In the absence of a ‘perfect’ model, the best approach is therefore to combine existing models in an attempt to increase the translatability of results. However, in order to best utilize the models currently available for translational research we need to understand the extent to which they can capture each aspect of disease. This not only requires a deep understanding of disease mechanisms seen in patients but also of the human brain and its functional diversity in general. This need for basic neuroscience research as a basis for translation is clear when considering the study of glial contributions to disease: while glia are increasingly recognized as contributing to neurological disease, glial research is an emerging field where many questions are only beginning to be answered. For instance, different subtypes of astrocytes and microglia may differentially contribute to disease; however, what these subtypes are, and how they differ functionally from each other, is largely unclear. Furthermore, there is evidence to suggest that human and rodent glia may have functional differences (Bedner et al., 2020), but research into any such differences is limited, and the implications for using rodent glia for studying human disease remains unclear. This highlights how successful translation of research into the clinic will require input not only from translational neuroscientists but also from basic researchers aiming to characterize the complexity of the human brain.
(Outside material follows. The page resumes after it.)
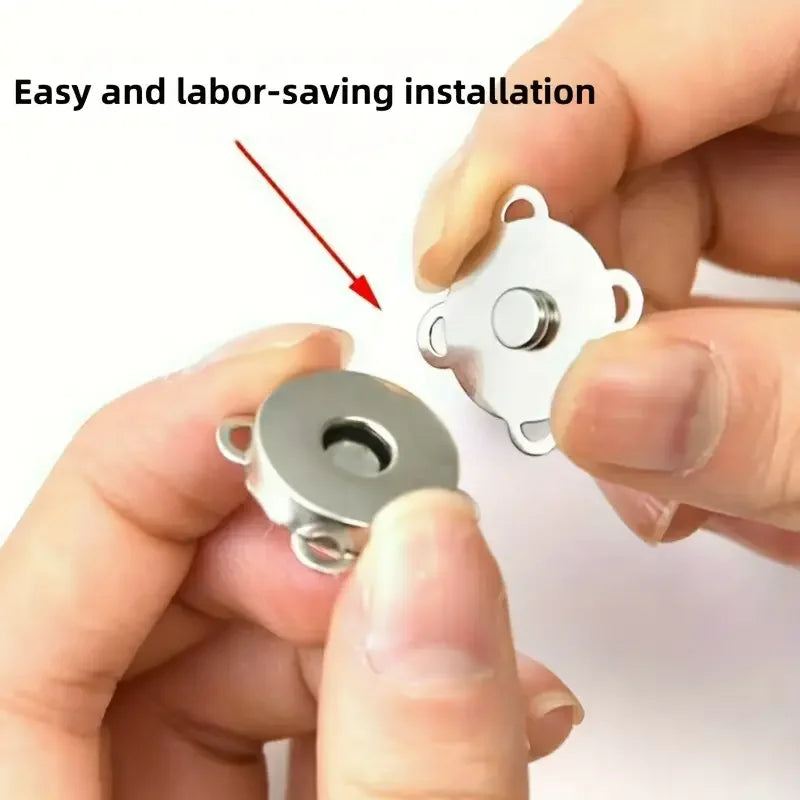 5/8sets Square Magnetic Snap Fasteners Clasps Button Handbag Purse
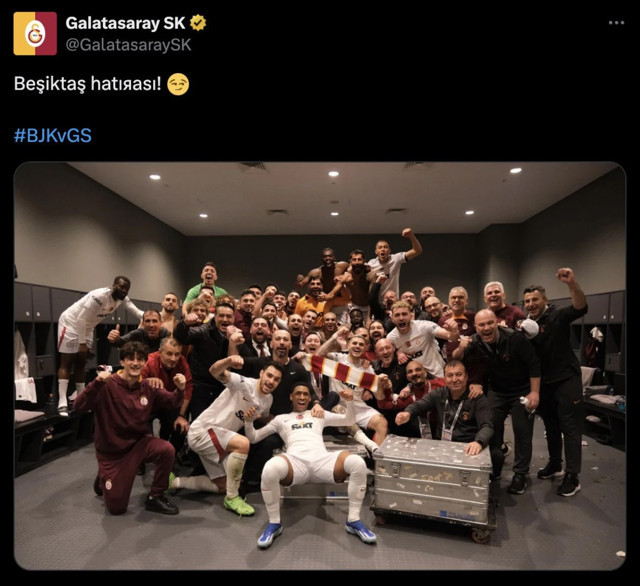 Galatasaray'dan maç sonu paylaşımı! "Beşiktaş hatırası" - Resim: 0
The best approach we therefore have for studying human disease is to combine the available animal and human models to best recapitulate the disease process of interest, as well as to continue developing new models that may better capture the complexity of the human brain. However, it is important to bear in mind the limitations of both our current tools as well as our understanding of the human brain in trying to narrow the gap between preclinical research and clinical trial success.
Dry lab
One area of translational neuroscience that is often lost in the typical bench-to-beside model, is that of ‘dry labs’. Dry labs typically utilize computational or statistical approaches to analyse data, encompassing both basic biology and disease pathology, as well as epidemiological approaches—addressing why, and to whom, neurological and psychiatric disorders occur.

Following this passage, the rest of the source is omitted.